**Task brief**. What you give back should be exactly the lines from the one with "A birthday cake with icing that spells" through the end of the data, without the pictures.

※

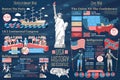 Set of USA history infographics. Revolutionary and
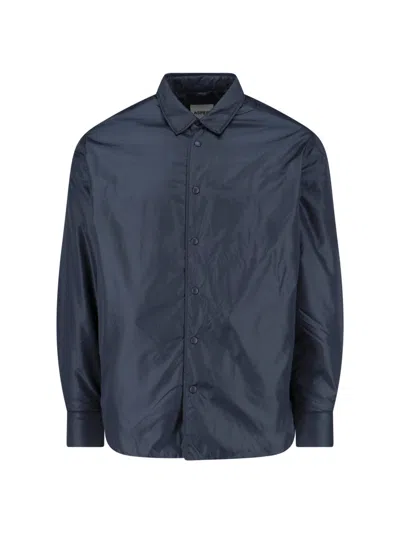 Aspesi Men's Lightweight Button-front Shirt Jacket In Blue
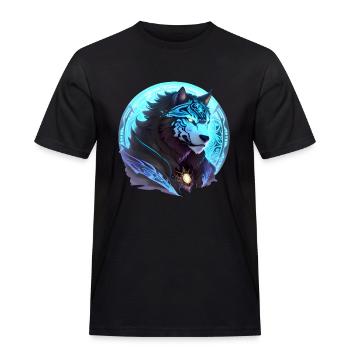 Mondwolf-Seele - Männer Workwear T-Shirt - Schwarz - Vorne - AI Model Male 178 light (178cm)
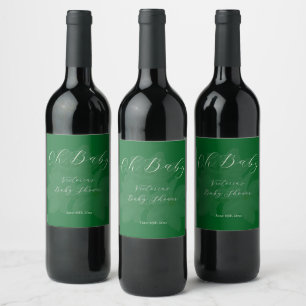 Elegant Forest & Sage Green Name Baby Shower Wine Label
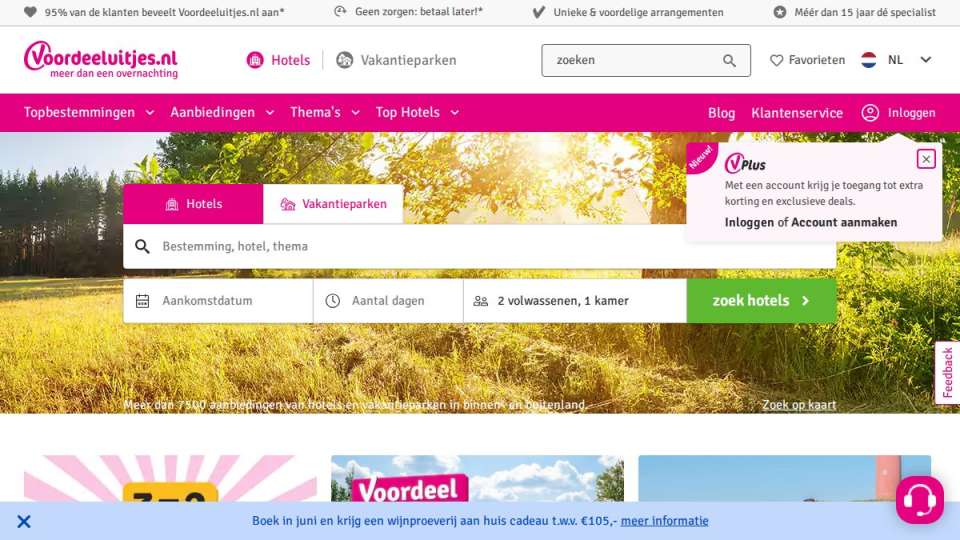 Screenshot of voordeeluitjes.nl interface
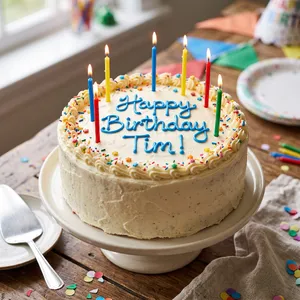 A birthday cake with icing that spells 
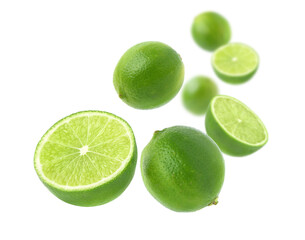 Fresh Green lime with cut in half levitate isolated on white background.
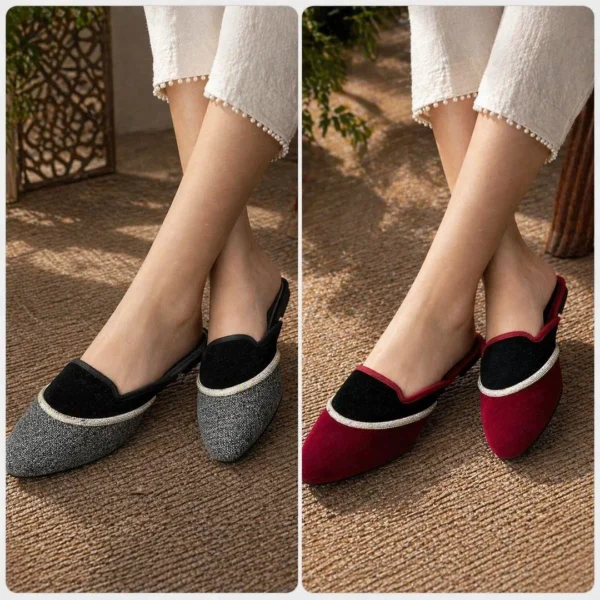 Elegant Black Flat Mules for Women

※

**Reply**.
 A birthday cake with icing that spells 
 Fresh Green lime with cut in half levitate isolated on white background.
 Elegant Black Flat Mules for Women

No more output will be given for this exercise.